O aluno Pedro Henrique fez a ação com o estagiário Killy (estudante da Suíça) e com esse gancho perguntei ao grupo, se conseguiríamos descobrir quem era brasileiro olhando apenas para o desenho de sua silhueta. E a discussão foi tomando corpo.

Entre Julia e Beatriz, a pergunta foi quem tinha cabelo crespo; quem estava mais despenteada. A silhueta do aluno Pedro W. ficou linda e perfeita e com isso perguntei: “- Será que o Pedro W. é lindo é perfeito?” O seu par era o Nicolas e aproveitei para mais uma reflexão: “- Qual dessas silhuetas é de uma criança negra?” Marcio fez a ação com Patrícia e as imagens ficaram muito parecidas, então lancei a pergunta: “- O Marcio corporalmente é parecido com a Patrícia?”
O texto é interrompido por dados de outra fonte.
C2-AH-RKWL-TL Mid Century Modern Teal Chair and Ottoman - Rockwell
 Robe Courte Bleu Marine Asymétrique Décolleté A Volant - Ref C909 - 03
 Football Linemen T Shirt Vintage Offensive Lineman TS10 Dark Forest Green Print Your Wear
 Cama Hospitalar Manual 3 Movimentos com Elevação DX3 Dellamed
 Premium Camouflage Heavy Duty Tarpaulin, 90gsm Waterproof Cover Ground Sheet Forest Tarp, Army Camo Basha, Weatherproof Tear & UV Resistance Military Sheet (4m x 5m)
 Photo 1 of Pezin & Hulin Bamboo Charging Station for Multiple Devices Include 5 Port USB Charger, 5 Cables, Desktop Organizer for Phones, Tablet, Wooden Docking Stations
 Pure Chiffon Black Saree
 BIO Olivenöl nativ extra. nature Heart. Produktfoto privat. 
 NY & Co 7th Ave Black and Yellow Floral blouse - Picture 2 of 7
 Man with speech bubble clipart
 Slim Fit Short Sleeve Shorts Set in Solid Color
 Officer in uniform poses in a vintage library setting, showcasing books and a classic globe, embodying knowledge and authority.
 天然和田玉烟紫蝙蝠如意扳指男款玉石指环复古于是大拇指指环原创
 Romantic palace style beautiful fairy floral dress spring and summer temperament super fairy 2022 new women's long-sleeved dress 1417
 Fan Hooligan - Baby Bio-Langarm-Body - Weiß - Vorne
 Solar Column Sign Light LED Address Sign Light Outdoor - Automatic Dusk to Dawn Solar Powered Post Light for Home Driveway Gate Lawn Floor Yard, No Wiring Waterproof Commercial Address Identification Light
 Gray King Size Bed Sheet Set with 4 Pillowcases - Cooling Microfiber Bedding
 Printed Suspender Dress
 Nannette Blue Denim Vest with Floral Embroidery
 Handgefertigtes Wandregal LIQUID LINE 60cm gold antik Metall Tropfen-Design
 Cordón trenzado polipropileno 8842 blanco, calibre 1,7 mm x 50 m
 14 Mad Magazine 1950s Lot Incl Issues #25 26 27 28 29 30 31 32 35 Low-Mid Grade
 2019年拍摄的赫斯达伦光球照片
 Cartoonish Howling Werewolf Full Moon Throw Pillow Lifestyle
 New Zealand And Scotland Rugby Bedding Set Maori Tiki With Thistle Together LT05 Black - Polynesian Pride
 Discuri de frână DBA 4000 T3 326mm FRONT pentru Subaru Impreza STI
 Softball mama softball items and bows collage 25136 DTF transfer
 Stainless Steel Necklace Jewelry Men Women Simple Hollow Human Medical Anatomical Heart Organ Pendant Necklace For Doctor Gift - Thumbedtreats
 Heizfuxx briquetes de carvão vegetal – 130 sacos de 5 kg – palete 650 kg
As respostas foram surgindo, a discussão sobre as imagens também: o que o outro vê em mim e o que eu vejo no outro; será que eu agrado de fato ou só acho que estou agradando; porque eu me incomodo tanto com a imagem do outro; eu preciso de uma imagem perfeita para mim ou para o outro; quero me sentir bem ou faço tudo para agradar… Também tocamos na questão do aluno Davi que não estava uniformizado: “- O que isso tem de diferente? Por que ele não veio uniformizado? O uniforme limita ou unifica a expressão de alguns alunos? Quando olhamos a imagem de uma criança estando ela uniformizada ou não, bem vestida ou não, com uma roupa que lhe caia bem ou não, enxergamos a essência dessa pessoa ou somente a imagem?”

As perguntas eram difíceis e profundas e por isso motivaram a reflexão. Percebemos o quanto ações como esta têm que acontecer constantemente e fazer parte da rotina. E tornar a aula de Educação Física, uma ponte para alcançar outros aspectos da formação dos alunos é algo que me motiva. Fiquei muito feliz com o resultado.